Ce n'est pas une tare. Il n'existe en France aucun danger de dérive totalitaire. Le socialisme du PS serait même plutôt laxiste, comme on le voit à propos de l'insécurité ou dans son refus à stigmatiser les violences antijuives, pourtant largement documentées par un rapport récent établi par SOS-Racisme et l'Union des des étudiants juifs de France. Le débat qui oppose aujourd'hui la gauche et la droite ne porte pas sur les valeurs républicaines, qui réunissent un consensus presque unanime. Il concerne les choix économiques et sociaux.
Le bout du parcours
Nous en sommes à un point de l'histoire économique où même la social-démocratie est arrivée au bout de son parcours. Dans son ardeur à mettre en uvre de multiples mesures sociales, le gouvernement de M. Jospin a pris les risques classiques d'un étouffement du dynamisme industriel et commercial par une fiscalité trop élevée. En cinq ans de législature, la pression fiscale se situe au taux excessif de 45 %. Et si le déficit des budgets publics a été ramené à 1,5 %, il est déjà admis que le retour de ces budgets à l'équilibre n'aura pas lieu avant 2005, alors qu'il devait se produire en 2002, puis en 2004, à cause du ralentissement de la croissance en 2001.

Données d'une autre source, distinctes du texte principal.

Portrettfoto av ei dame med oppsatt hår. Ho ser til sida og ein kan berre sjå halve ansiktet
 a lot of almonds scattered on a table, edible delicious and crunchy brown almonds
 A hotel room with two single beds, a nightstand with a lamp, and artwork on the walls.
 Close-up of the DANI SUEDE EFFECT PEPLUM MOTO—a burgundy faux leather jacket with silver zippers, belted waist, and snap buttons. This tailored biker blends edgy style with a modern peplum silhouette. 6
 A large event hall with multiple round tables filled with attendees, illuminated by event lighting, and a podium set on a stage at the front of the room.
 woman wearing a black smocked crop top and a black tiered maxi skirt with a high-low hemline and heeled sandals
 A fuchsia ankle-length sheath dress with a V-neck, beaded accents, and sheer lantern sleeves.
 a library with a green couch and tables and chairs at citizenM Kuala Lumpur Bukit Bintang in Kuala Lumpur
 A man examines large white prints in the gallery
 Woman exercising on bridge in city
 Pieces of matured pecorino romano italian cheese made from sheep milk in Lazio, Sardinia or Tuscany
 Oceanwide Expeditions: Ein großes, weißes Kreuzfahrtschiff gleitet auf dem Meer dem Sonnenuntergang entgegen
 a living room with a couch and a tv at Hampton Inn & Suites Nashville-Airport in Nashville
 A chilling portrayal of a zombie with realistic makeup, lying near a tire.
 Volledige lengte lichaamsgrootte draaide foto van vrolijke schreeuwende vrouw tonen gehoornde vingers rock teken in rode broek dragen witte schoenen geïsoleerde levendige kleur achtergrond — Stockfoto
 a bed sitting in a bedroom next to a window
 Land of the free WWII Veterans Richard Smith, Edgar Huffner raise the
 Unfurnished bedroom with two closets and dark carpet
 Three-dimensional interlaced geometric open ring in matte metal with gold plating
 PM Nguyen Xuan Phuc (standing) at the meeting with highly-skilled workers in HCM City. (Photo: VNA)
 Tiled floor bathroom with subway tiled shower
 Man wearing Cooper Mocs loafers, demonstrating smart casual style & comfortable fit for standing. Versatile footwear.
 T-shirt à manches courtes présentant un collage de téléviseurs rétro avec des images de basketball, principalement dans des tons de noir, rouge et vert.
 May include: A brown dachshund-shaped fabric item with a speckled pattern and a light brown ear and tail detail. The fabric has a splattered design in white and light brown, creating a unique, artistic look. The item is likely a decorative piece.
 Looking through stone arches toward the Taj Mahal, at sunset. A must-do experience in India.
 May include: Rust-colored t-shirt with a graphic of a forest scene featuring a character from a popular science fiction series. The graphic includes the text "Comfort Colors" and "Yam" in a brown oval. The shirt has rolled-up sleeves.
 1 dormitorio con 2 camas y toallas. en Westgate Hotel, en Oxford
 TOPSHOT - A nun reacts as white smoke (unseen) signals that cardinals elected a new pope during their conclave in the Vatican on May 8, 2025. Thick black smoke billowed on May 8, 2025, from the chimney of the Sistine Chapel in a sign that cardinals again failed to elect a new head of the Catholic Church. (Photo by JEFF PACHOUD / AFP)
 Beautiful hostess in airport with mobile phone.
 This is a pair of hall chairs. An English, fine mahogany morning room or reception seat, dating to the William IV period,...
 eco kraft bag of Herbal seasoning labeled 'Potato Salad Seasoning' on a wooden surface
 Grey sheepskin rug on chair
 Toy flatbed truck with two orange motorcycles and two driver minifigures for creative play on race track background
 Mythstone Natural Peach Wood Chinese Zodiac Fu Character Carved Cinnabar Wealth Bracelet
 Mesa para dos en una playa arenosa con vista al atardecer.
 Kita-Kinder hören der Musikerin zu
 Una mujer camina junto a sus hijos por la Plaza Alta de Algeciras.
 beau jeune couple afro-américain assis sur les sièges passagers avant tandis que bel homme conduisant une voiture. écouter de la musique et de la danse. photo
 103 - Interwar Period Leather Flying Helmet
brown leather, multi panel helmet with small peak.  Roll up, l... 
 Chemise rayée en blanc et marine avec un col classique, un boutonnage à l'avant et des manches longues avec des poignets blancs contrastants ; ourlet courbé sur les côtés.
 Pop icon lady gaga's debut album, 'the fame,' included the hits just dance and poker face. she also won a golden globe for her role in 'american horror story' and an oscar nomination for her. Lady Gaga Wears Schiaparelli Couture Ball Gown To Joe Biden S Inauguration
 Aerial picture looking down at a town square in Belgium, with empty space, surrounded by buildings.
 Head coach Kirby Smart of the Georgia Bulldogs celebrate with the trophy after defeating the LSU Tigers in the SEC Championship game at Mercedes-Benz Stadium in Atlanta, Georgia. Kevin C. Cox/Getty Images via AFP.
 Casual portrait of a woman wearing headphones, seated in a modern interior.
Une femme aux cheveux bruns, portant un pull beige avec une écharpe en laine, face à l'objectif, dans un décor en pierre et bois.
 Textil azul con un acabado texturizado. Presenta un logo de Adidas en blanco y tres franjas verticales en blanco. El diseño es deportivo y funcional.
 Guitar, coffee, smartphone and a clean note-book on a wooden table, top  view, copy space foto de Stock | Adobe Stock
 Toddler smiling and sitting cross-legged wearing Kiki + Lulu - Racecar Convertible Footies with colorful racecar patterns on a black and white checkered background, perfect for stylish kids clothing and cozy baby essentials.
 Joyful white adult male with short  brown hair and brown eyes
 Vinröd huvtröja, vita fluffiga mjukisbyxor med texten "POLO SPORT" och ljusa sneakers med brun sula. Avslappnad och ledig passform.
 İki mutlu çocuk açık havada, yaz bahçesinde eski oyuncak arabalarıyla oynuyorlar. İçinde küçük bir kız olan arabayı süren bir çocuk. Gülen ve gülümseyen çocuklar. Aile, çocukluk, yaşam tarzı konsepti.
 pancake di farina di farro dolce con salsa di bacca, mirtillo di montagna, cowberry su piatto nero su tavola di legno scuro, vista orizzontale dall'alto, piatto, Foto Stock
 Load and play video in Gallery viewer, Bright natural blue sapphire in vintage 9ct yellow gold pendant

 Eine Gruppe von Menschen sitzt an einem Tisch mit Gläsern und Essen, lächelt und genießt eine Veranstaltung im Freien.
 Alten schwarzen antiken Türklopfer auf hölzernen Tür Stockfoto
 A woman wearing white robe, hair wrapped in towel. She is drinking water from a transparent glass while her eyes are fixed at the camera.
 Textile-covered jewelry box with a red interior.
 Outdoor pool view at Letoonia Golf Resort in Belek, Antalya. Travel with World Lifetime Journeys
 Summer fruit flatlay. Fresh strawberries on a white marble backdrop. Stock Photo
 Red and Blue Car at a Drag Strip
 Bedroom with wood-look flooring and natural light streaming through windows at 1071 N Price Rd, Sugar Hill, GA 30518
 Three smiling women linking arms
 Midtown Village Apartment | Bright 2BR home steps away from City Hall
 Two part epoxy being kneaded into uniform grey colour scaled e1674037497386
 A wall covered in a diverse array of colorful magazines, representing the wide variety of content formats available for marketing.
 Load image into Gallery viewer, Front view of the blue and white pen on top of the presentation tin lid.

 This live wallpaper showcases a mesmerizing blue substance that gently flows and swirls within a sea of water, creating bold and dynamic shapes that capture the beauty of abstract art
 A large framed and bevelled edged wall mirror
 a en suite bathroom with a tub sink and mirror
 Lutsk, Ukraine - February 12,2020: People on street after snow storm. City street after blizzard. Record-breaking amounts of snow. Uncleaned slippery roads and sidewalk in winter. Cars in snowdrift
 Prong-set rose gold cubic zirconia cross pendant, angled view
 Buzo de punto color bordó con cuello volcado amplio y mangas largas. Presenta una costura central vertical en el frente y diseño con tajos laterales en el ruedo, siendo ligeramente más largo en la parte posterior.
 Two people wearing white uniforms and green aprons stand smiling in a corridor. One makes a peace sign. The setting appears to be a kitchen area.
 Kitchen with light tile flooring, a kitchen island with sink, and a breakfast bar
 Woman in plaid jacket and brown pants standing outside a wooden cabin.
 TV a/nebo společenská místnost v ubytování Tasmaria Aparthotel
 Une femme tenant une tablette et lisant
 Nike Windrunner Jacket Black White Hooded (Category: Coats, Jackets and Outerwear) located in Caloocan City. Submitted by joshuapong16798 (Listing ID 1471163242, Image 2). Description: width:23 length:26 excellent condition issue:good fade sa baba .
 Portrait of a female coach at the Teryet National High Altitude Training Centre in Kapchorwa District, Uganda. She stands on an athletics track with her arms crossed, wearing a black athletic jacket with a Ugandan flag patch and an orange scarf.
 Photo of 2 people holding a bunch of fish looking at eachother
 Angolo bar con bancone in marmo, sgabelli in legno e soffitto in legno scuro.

La baisse des impôts est en fait inscrite dans tous les programmes, y compris celui de Lionel Jospin. Jacques Chirac a fait un effet d'annonce en affirmant que, s'il était élu, il baisserait les impôts de 33 % en cinq ans. Comme l'explique fort bien Raymond Barre, il ne suffit pas de le faire, il faut aussi des mesures d'accompagnement, car on ne peut réduire les impôts que si on diminue simultanément les dépenses publiques.
Or il est indéniable que les besoins de financement des programmes nationaux, la santé, les retraites, la sécurité, exigent une hausse des dépenses. Comment résoudre la quadrature du cercle ? En réformant l'Etat, en reconnaissant publiquement qu'un pays où 25 % des salariés sont des fonctionnaires réclame au secteur privé un effort trop important ; au moment où des dizaines de milliers de fonctionnaires vont partir à la retraite, l'occasion de procéder à cette réforme est inespérée.
Réorienter les ressources
Il s'agit d'orienter les ressources budgétaires vers l'hôpital, vers les dépenses de santé à la charge de la communauté nationale (qui n'ont toujours pas été définies clairement) et vers les différents services d'ordre. Cela implique d'éliminer des milliers d'emplois dans la fonction publique et dans les collectivités locales.
Le gouvernement a fait l'inverse. Au nom de la lutte contre le chômage, il a créé des emplois publics peu ou non productifs ; il a instauré les 35 heures, sans en assumer les conséquences à l'hôpital, dont les personnels sont littéralement écrasés par la réduction du temps de travail ; il a accru les charges des entreprises de grande taille en les contraignant à embaucher des personnels pour résorber le déficit créé par la RTT et ses propres charges en apportant une aide financière aux petites entreprises pour qu'elles puissent s'adapter aux 35 heures sans disparaître.
Des inégalités
En France, on dépense chaque année 150 milliards pour l'aide à l'emploi, qui est accordée sans discrimination, y compris aux entreprises qui de toute façon auraient embauché. On ponctionne le budget de la protection sociale pour financer la RTT, alors que ce budget n'a pu revenir à l'équilibre qu'après cinq années de croissance et qu'il retournera au déficit si la croissance ne s'accélère pas dans les mois qui viennent, comme tout le monde l'espère.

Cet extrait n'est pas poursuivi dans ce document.